> _TASK GOAL_
Report each line of the material below where the word "Best" can be found.

> _AVAILABLE DATA_
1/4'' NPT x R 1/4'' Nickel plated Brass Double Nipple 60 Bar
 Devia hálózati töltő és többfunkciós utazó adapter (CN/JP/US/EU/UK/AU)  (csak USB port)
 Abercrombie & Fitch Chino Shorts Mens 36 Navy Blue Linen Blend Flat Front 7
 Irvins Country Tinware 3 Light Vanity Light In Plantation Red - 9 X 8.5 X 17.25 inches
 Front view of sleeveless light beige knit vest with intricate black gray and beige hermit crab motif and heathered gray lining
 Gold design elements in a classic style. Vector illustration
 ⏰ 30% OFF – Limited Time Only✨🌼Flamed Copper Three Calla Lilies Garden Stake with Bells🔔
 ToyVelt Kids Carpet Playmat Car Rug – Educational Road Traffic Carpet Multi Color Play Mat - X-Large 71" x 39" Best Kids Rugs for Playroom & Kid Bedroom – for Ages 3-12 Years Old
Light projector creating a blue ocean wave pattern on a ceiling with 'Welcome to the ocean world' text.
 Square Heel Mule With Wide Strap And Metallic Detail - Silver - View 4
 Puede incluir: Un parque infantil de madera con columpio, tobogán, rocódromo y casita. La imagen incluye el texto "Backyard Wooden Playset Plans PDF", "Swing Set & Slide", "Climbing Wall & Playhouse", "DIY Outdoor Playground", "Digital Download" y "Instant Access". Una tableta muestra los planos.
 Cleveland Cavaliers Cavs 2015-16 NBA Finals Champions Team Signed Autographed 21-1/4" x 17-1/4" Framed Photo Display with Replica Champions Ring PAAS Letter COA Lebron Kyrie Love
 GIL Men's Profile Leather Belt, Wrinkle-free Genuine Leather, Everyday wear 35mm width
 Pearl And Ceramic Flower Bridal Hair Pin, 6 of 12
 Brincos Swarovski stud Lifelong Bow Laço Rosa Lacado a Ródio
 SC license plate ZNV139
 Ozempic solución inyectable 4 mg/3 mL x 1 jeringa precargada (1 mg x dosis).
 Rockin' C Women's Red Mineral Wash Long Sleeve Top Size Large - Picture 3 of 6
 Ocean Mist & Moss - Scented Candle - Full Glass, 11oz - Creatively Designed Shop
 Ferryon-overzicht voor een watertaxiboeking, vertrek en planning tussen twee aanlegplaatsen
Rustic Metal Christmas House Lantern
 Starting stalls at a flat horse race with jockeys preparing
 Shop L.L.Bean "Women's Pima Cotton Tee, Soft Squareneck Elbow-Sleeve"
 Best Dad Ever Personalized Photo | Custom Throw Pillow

> _OUTPUT_
 ToyVelt Kids Carpet Playmat Car Rug – Educational Road Traffic Carpet Multi Color Play Mat - X-Large 71" x 39" Best Kids Rugs for Playroom & Kid Bedroom – for Ages 3-12 Years Old
 Best Dad Ever Personalized Photo | Custom Throw Pillow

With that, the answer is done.